# [Task to carry out]
Each entry below must come back exactly as written, without its pictures.
Provided records section start
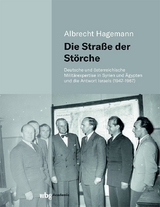 Die Straße der Störche - Albrecht Hagemann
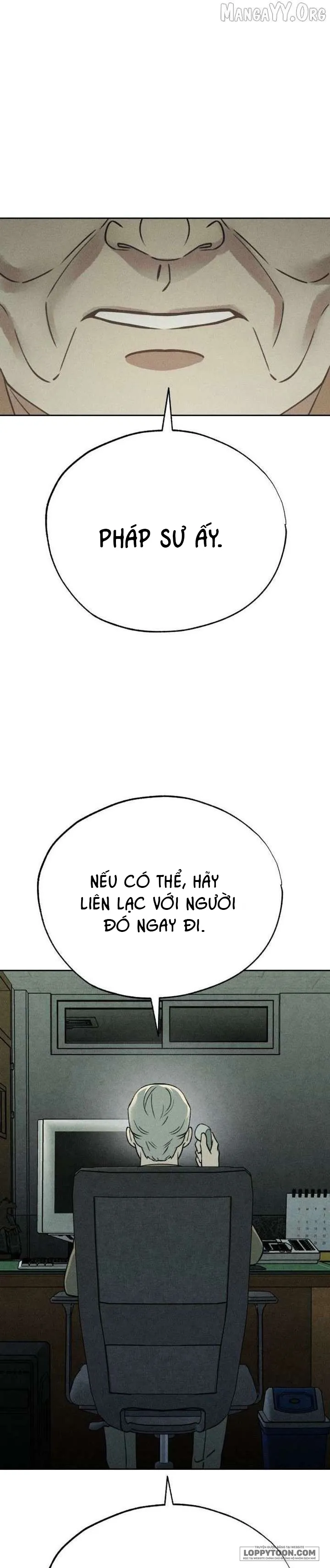 Bạn Cùng Lớp - Chap 26 - Trang 30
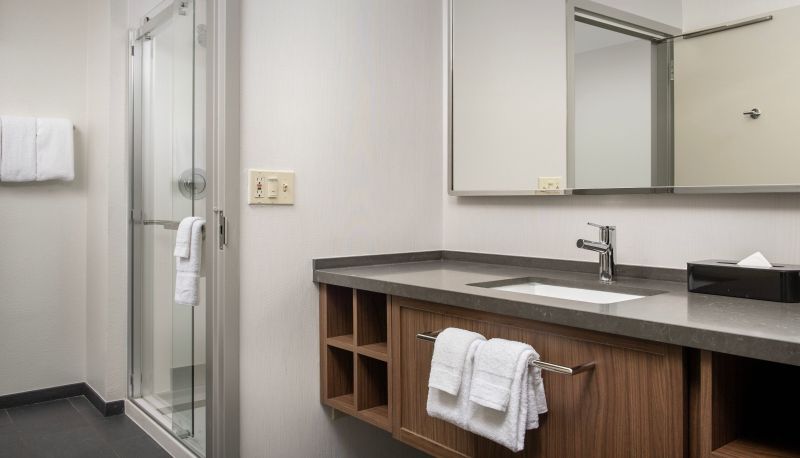 Chambre - Courtyard by Marriott San Diego Carlsbad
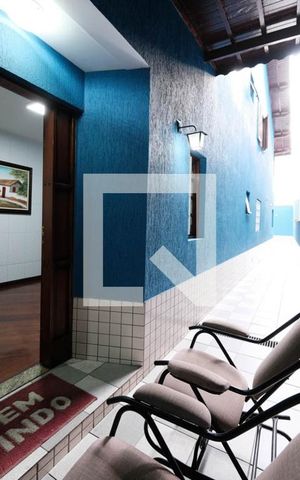 Casa para alugar com 143m², 3 quartos e 2 vagasÁrea externa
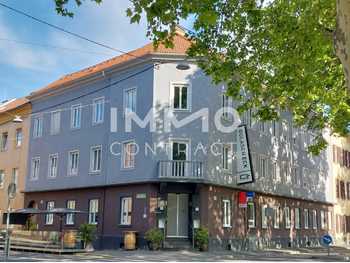 Renditeobjekt Graz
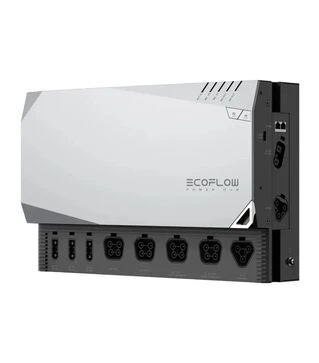 Система хранения энергии EcoFlow Power Ocean, 5 кВт, 10 кВт*ч, 1 фаза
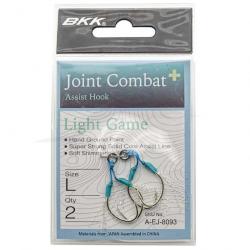 BKK Joint Combat+ L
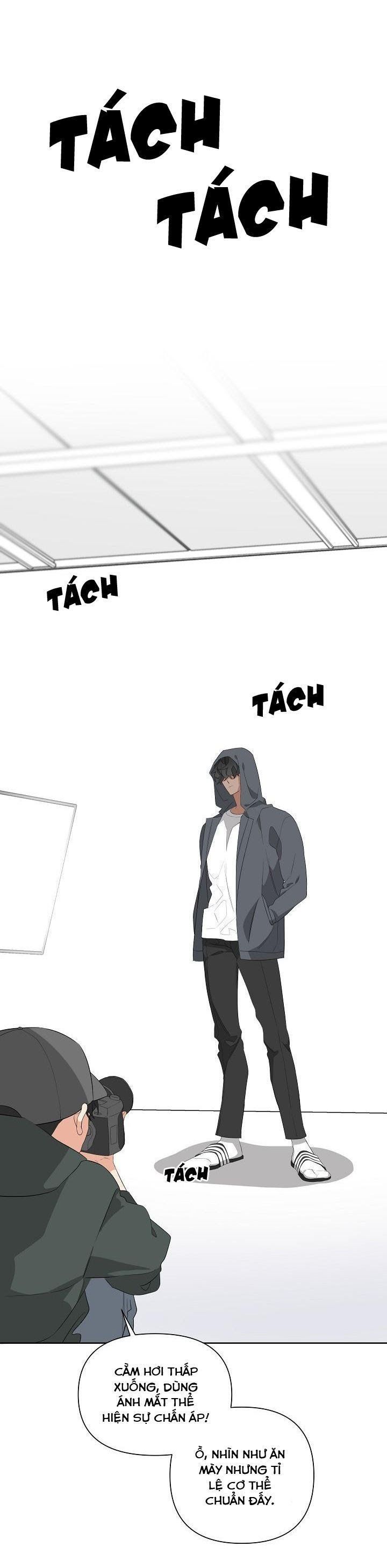 đọc truyện Able Chương 7 ảnh 57 tại Thiên Thai Truyện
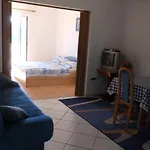 Daire In With Sea View, Terrace, Air Conditioning, Wi-fi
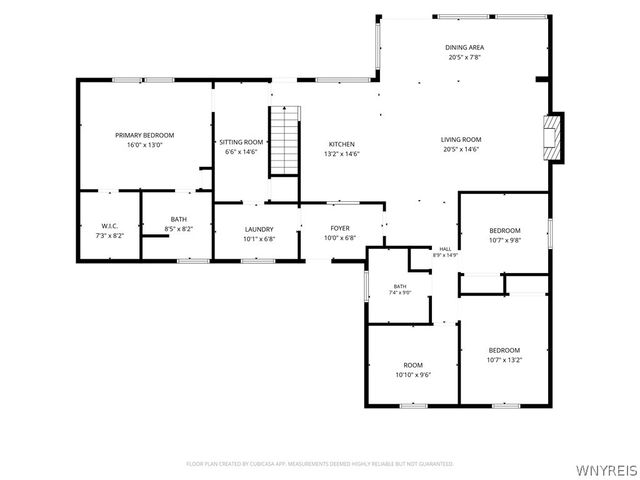 1581 Bowen Road, Elma, NY 14059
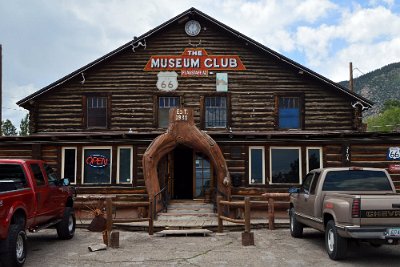 2019-06-15 Flagstaff - Museum club by Tom Walti 2
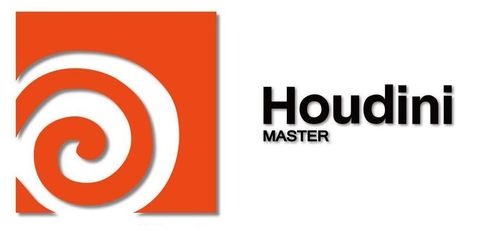 拳头rebelway Houdini2022全面基础入门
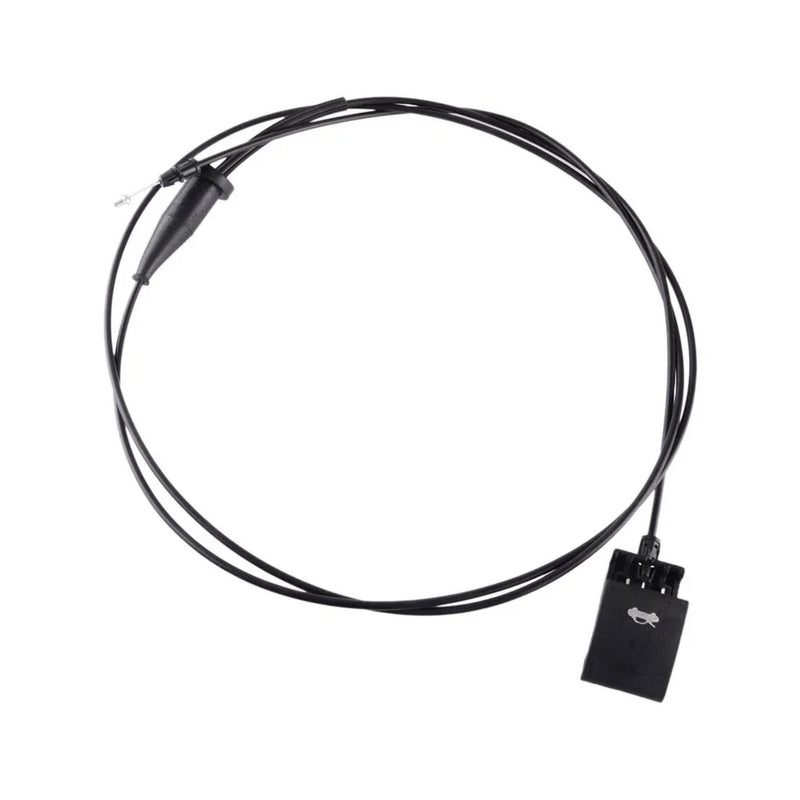 Chrysler 300 Dodge Charger Hood Latch Release Cable (2011-2021)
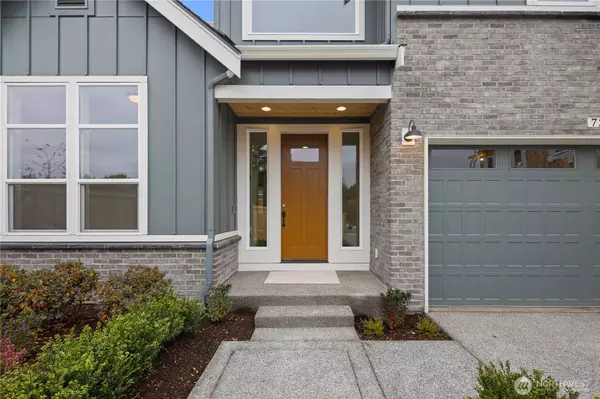 Bothell, WA 98021,721 211th PL SE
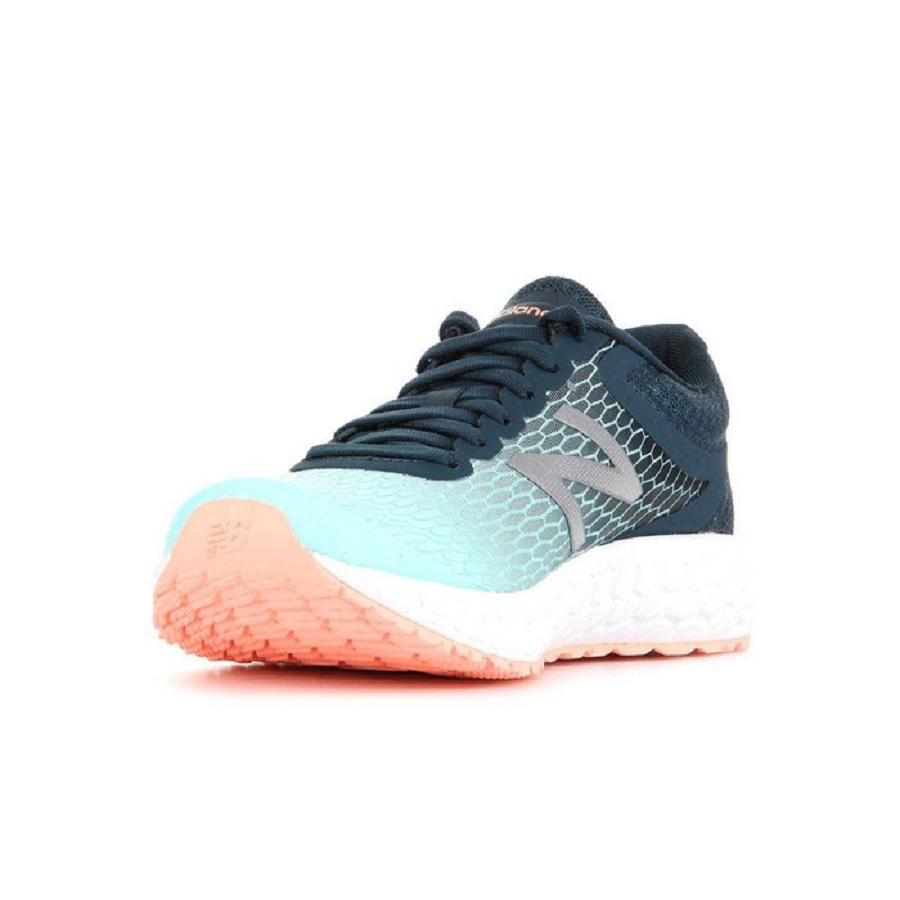 Giày New Balance Fresh Foam v3 'Blue' WBORABL3 - Ảnh 4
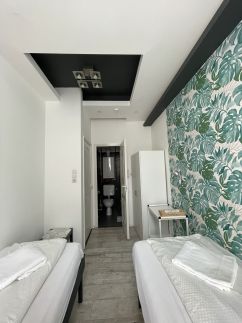 Centrum Wellness Hostel30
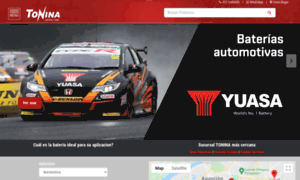 Tonina.com.py thumbnail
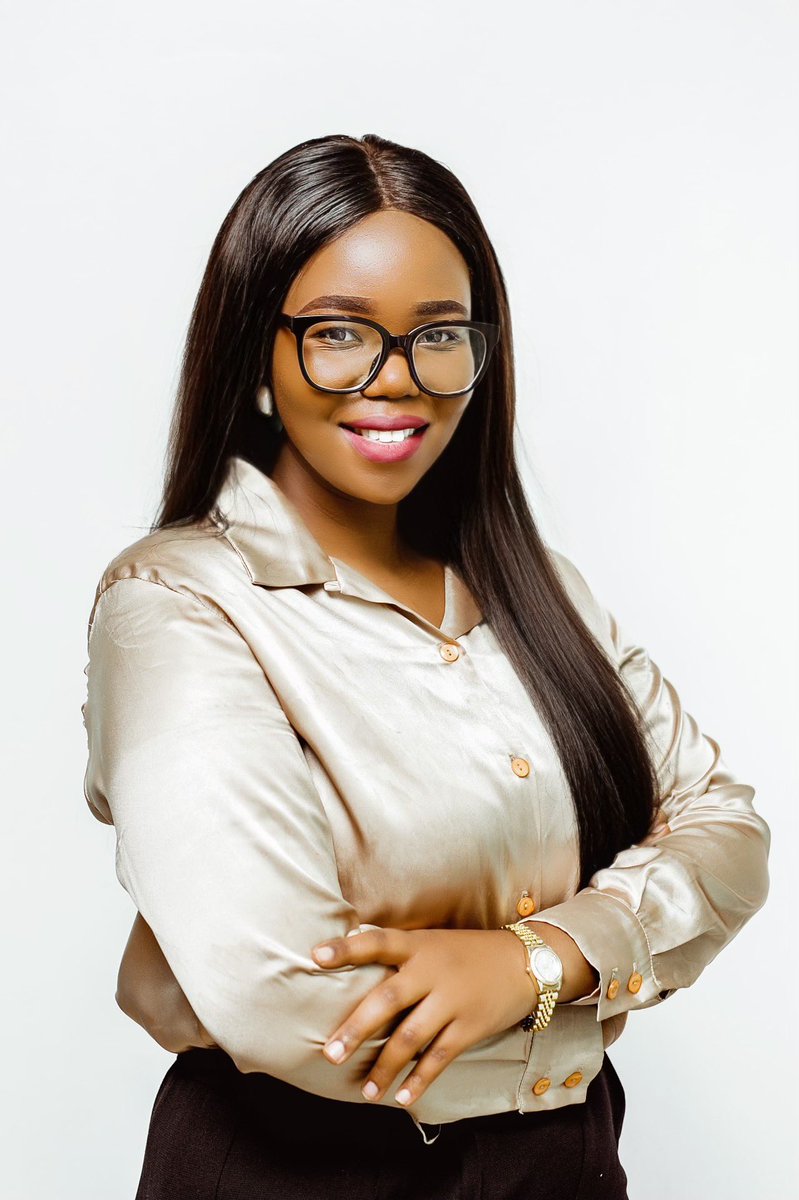 Founder <a href="/RonaKisakye/">Iam Rona Kisakye Vivian</a> the vision behind Empower Her Initiative #platform created to #empower #women through pageantry leadership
Provided records section end
# [Answer section]
 Die Straße der Störche - Albrecht Hagemann
 Bạn Cùng Lớp - Chap 26 - Trang 30
 Chambre - Courtyard by Marriott San Diego Carlsbad
 Casa para alugar com 143m², 3 quartos e 2 vagasÁrea externa
 Renditeobjekt Graz
 Система хранения энергии EcoFlow Power Ocean, 5 кВт, 10 кВт*ч, 1 фаза
 BKK Joint Combat+ L
 đọc truyện Able Chương 7 ảnh 57 tại Thiên Thai Truyện
 Daire In With Sea View, Terrace, Air Conditioning, Wi-fi
 1581 Bowen Road, Elma, NY 14059
 2019-06-15 Flagstaff - Museum club by Tom Walti 2
 拳头rebelway Houdini2022全面基础入门
 Chrysler 300 Dodge Charger Hood Latch Release Cable (2011-2021)
 Bothell, WA 98021,721 211th PL SE
 Giày New Balance Fresh Foam v3 'Blue' WBORABL3 - Ảnh 4
 Centrum Wellness Hostel30
 Tonina.com.py thumbnail
 Founder <a href="/RonaKisakye/">Iam Rona Kisakye Vivian</a> the vision behind Empower Her Initiative #platform created to #empower #women through pageantry leadership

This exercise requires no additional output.